[[ Data to examine open ]]

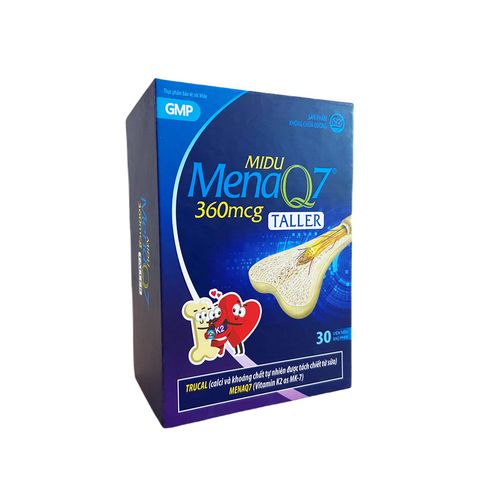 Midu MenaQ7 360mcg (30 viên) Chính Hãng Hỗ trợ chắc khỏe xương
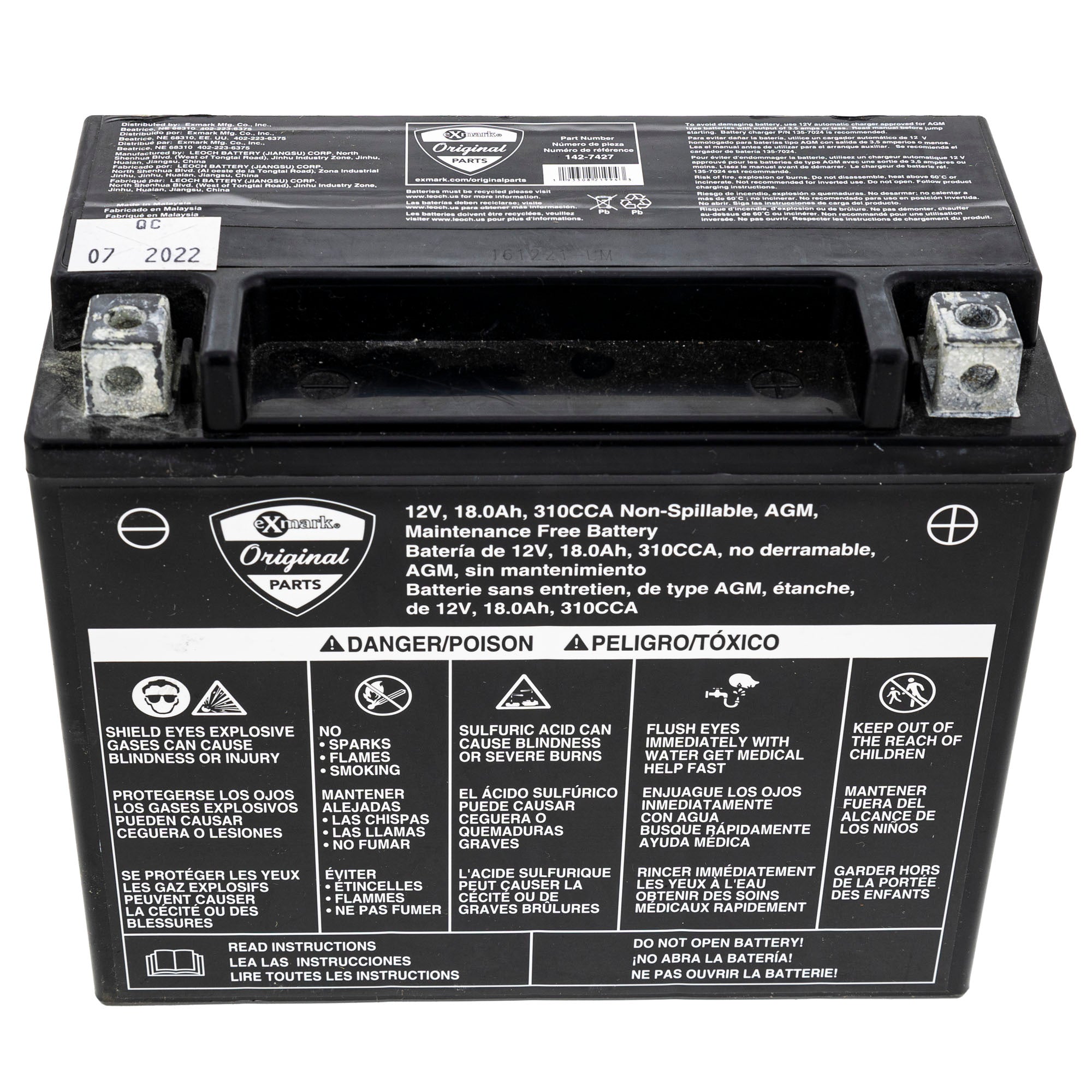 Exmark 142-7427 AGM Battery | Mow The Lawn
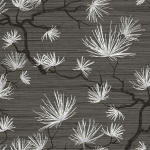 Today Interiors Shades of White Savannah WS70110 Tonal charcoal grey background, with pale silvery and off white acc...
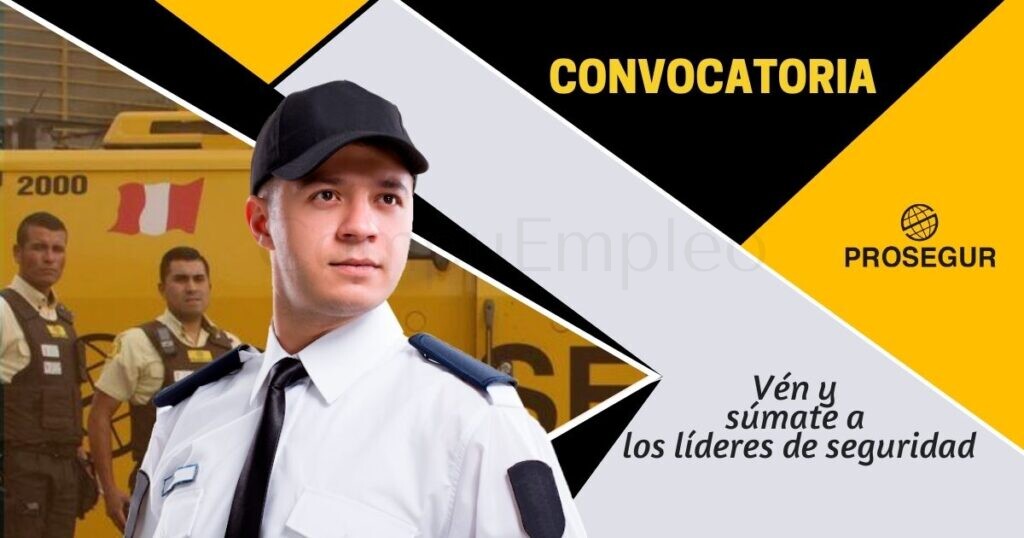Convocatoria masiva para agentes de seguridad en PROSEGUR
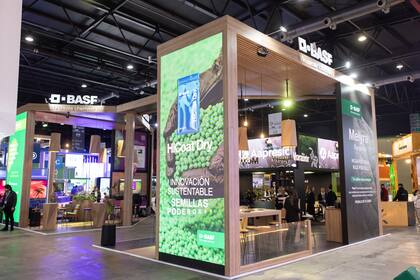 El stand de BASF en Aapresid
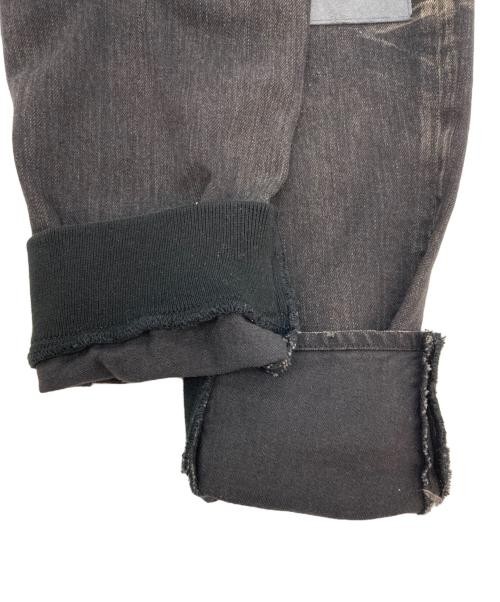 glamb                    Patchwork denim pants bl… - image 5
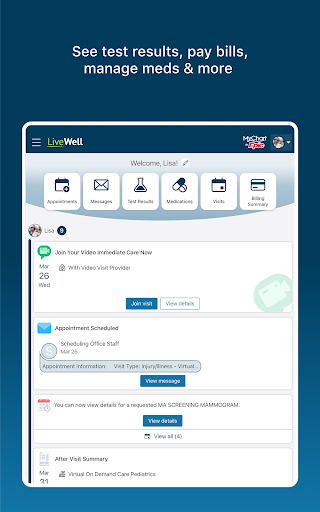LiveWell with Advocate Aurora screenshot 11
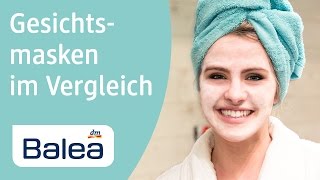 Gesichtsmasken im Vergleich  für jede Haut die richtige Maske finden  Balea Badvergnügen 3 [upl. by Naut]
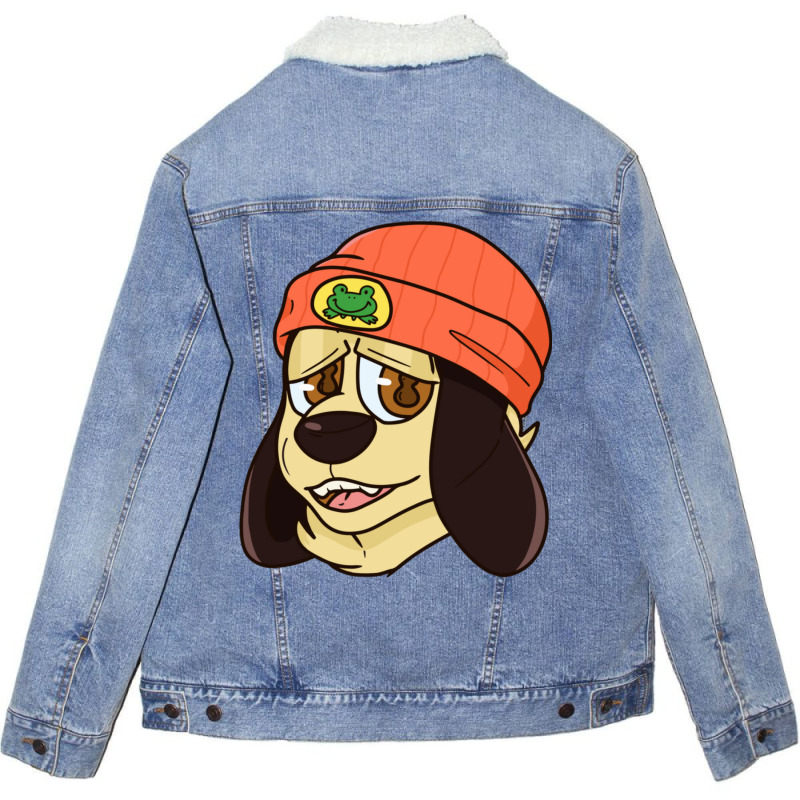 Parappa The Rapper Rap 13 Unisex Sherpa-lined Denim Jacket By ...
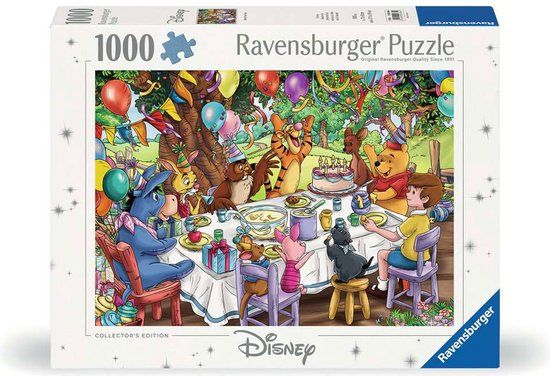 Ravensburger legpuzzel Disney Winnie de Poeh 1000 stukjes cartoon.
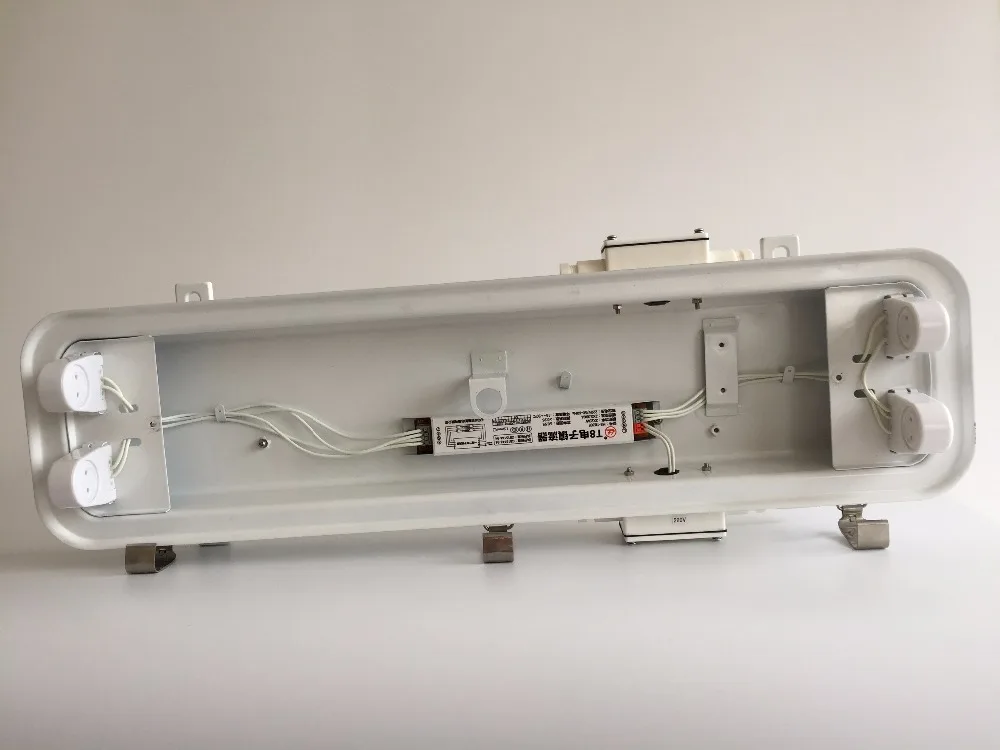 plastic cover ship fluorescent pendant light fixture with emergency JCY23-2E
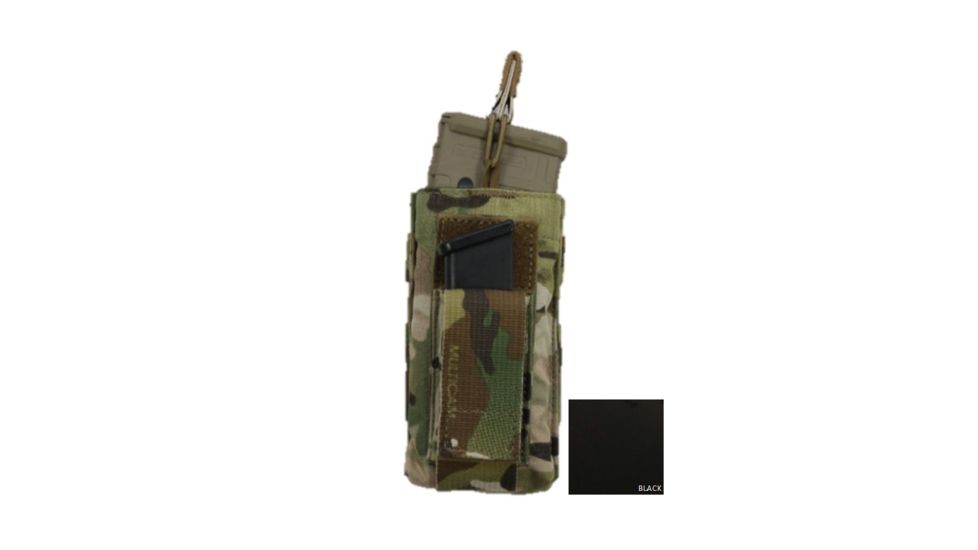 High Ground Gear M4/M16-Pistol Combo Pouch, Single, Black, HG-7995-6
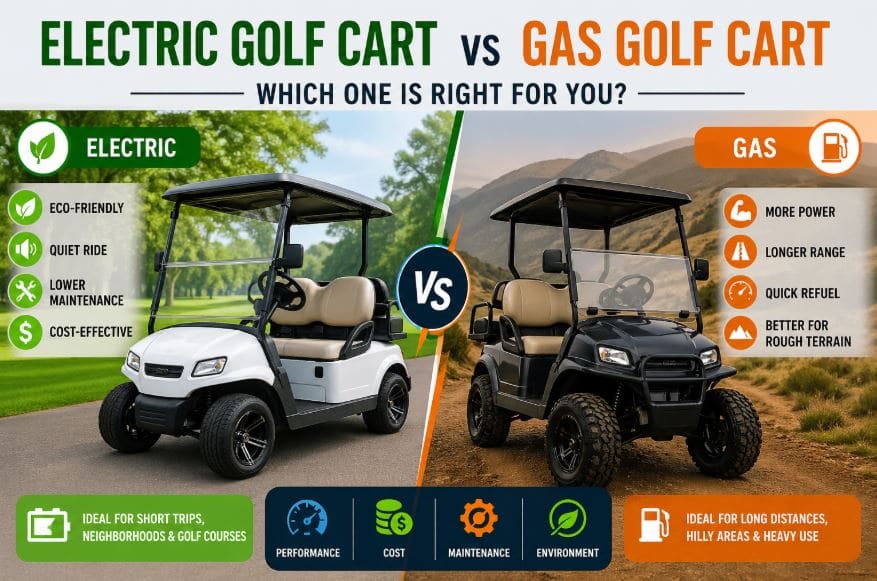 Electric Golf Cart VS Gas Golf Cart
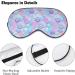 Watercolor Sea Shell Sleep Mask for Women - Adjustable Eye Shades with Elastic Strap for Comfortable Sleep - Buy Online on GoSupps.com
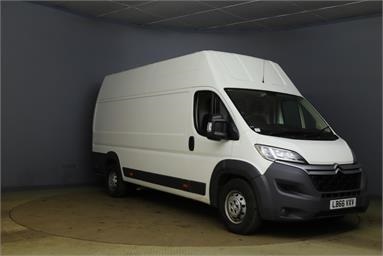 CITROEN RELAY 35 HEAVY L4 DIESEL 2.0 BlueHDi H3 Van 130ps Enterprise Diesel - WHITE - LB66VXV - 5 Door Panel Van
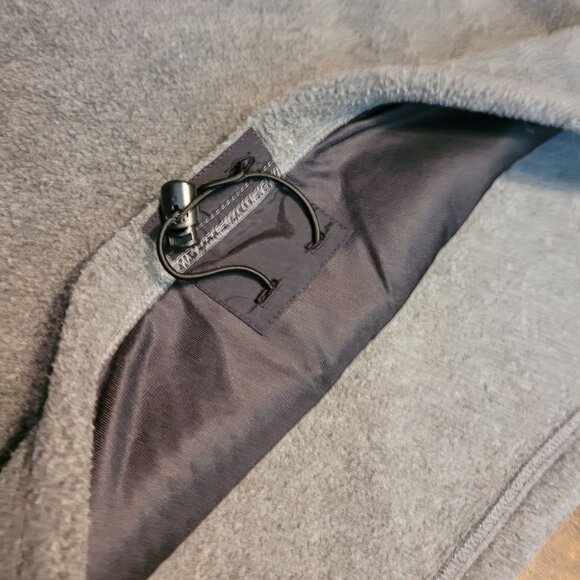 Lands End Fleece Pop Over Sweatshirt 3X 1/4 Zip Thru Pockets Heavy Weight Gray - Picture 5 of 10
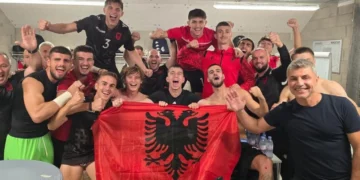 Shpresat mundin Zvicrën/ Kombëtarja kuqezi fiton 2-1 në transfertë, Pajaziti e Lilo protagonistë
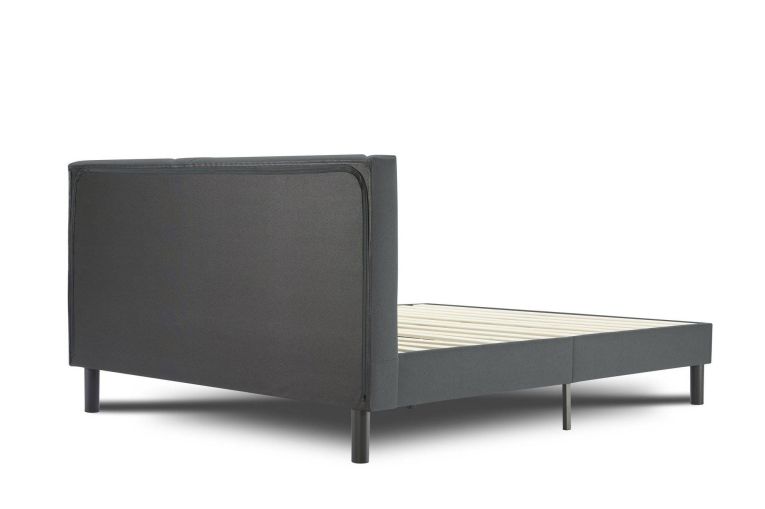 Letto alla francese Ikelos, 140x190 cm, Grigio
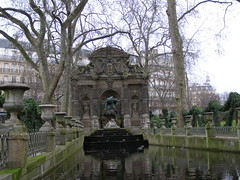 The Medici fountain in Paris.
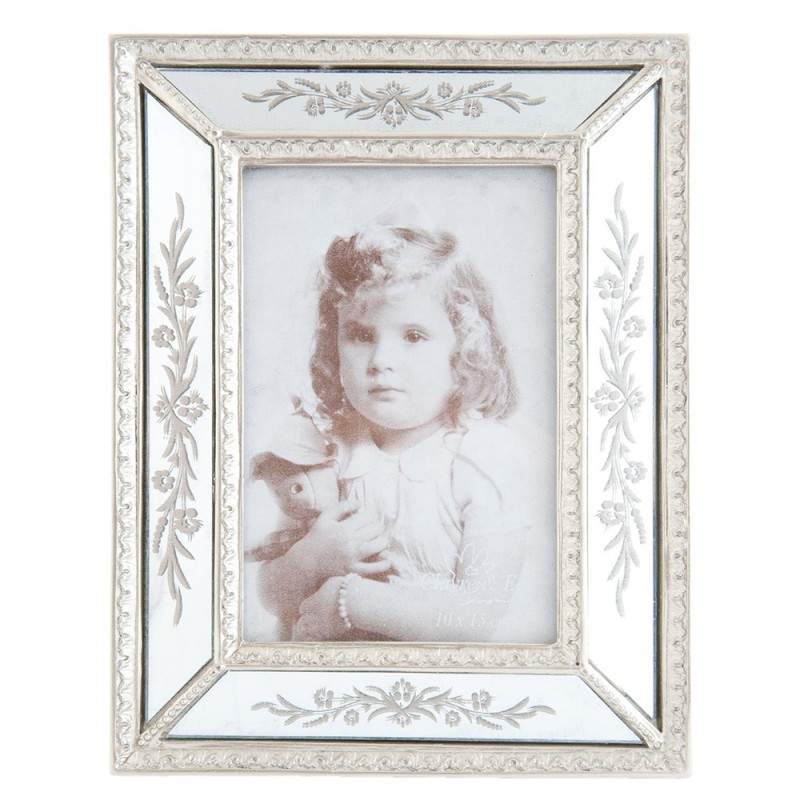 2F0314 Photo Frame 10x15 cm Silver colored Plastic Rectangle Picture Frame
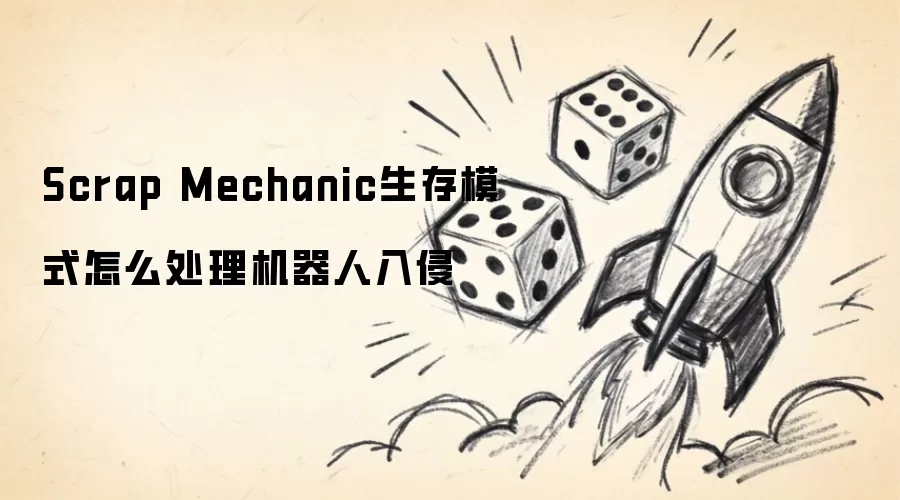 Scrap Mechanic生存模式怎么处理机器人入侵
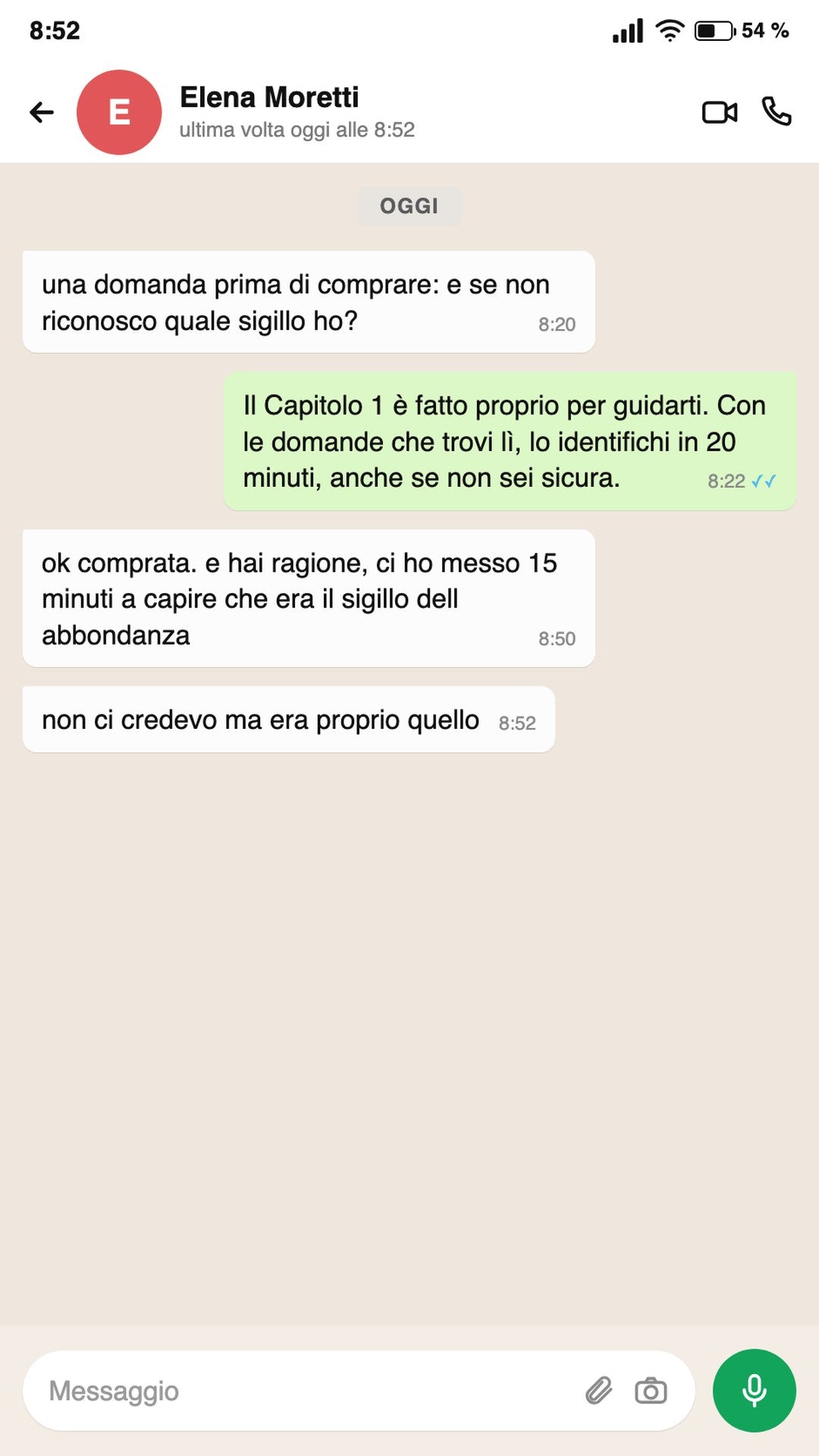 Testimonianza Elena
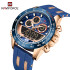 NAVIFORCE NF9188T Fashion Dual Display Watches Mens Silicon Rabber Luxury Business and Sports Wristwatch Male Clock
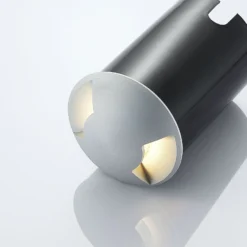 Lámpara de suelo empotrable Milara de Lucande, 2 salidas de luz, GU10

[[ Data to examine closed ]]

● Assignment: Working from the entries above, reproduce exactly and only the lines beginning with the line that has "Today Interiors Shades" and ending with the line that has "The Medici fountain in Paris."; omit all pictures.

● Exercise solution:
 Today Interiors Shades of White Savannah WS70110 Tonal charcoal grey background, with pale silvery and off white acc...
Convocatoria masiva para agentes de seguridad en PROSEGUR
 El stand de BASF en Aapresid
 glamb                    Patchwork denim pants bl… - image 5
LiveWell with Advocate Aurora screenshot 11
 Gesichtsmasken im Vergleich  für jede Haut die richtige Maske finden  Balea Badvergnügen 3 [upl. by Naut]
 Parappa The Rapper Rap 13 Unisex Sherpa-lined Denim Jacket By ...
 Ravensburger legpuzzel Disney Winnie de Poeh 1000 stukjes cartoon.
 plastic cover ship fluorescent pendant light fixture with emergency JCY23-2E
 High Ground Gear M4/M16-Pistol Combo Pouch, Single, Black, HG-7995-6
 Electric Golf Cart VS Gas Golf Cart
 Watercolor Sea Shell Sleep Mask for Women - Adjustable Eye Shades with Elastic Strap for Comfortable Sleep - Buy Online on GoSupps.com
 CITROEN RELAY 35 HEAVY L4 DIESEL 2.0 BlueHDi H3 Van 130ps Enterprise Diesel - WHITE - LB66VXV - 5 Door Panel Van
 Lands End Fleece Pop Over Sweatshirt 3X 1/4 Zip Thru Pockets Heavy Weight Gray - Picture 5 of 10
 Shpresat mundin Zvicrën/ Kombëtarja kuqezi fiton 2-1 në transfertë, Pajaziti e Lilo protagonistë
 Letto alla francese Ikelos, 140x190 cm, Grigio
 The Medici fountain in Paris.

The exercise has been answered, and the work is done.